I had a strange experience this weekend. I travelled down to Melbourne with my boyfriend to attend the All Tomorrow’s Parties: I’ll Be Your Mirror festival. My previous ATP experience largely involved lounging on a grassy hill, eating cheese and watching Nick Cave perform over and over, so I had high expectations for this festival.
Things began going wrong the night before. HTRK were doing a secret show two doors down from our hotel and we had free tickets. When we got to the venue, the security guards kept going on about ‘no pass-outs’ – once you go in, you can’t come back out. I suddenly felt uncomfortable, like they wanted to trap me. I know that’s not what they meant, but the thought just got under my skin. I remained uncomfortable for the rest of my holiday.
The venue for ATP was oppressively hot and crowded. There were no grassy hills to lie on. There was nowhere to sit at all except the hard floor. My sense of being trapped persisted. I sought refuge in an air-conditioned beanbag-filled cinema, fighting back tears as I stared at the projector screen and chastised myself for not appreciating the amazing bands I was seeing.
A security guard crouched down beside me and asked if I was okay.

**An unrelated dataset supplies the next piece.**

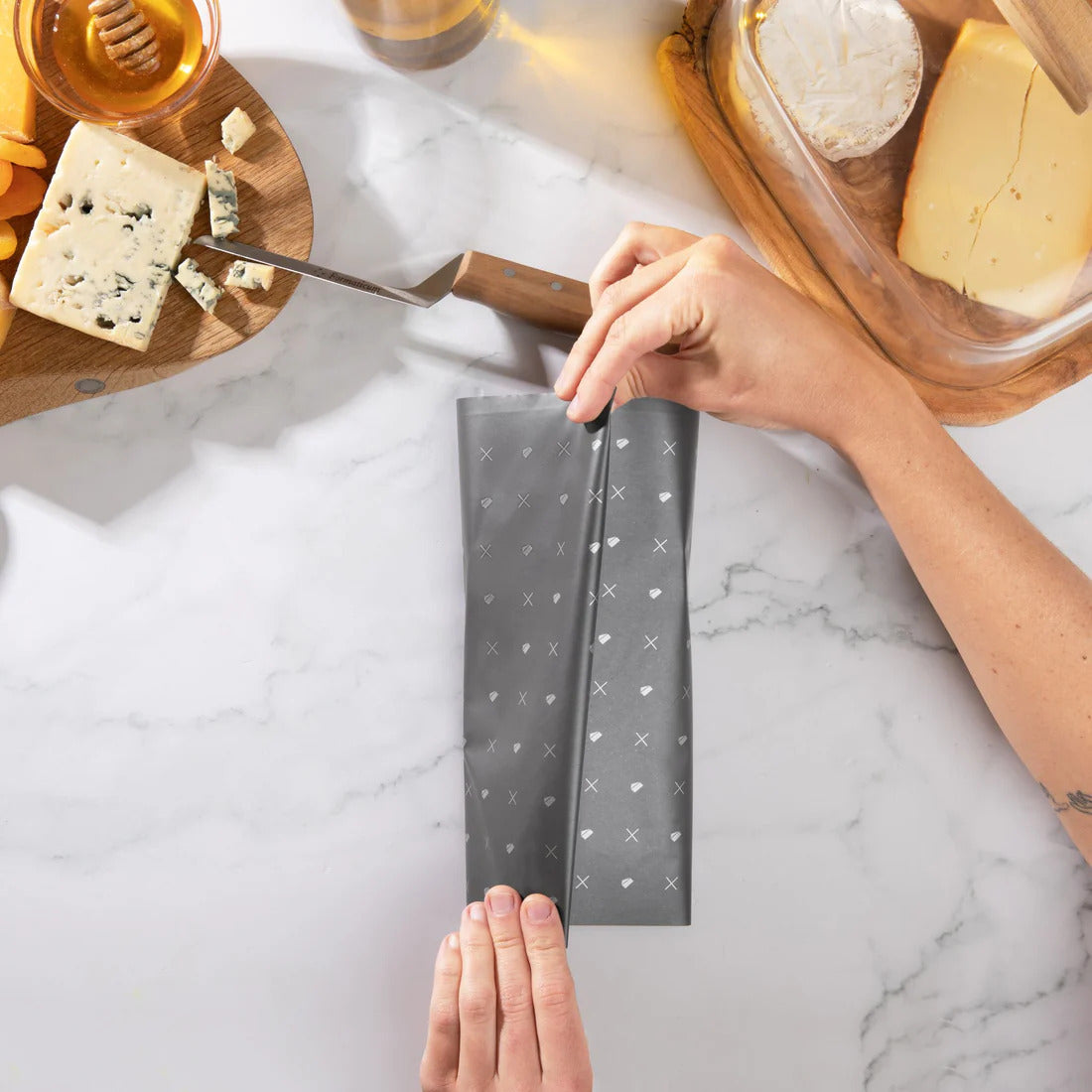 Reusable Storage Sheets - Cheese and Food Wraps NZ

I assumed he thought I was drunk or on drugs and he was checking to make sure I wasn’t going to pass out on his watch. It’s not the first time security personnel have regarded my occasionally uneven mental state at concerts with suspicion. I assured him I was fine, composed myself as best I could, and ventured back outside.
By the second day of the festival I was feeling slightly better and was able to enjoy myself a little more. Still, when it all became too much for me I would go back to the cinema to calm down in the dark for a while. One time, I found the security guard blocking my path up the stairs. He said the cinema was full, but as I turned to leave he stopped me.
“Why you always look so sad in the face?” he asked.
“You have very sad face. Yesterday you look like you in tears. And I wonder, why is that?”
I was so surprised that for a moment I was honest with him. “I’m always a little sad, I guess.”
“Why?” He asked again.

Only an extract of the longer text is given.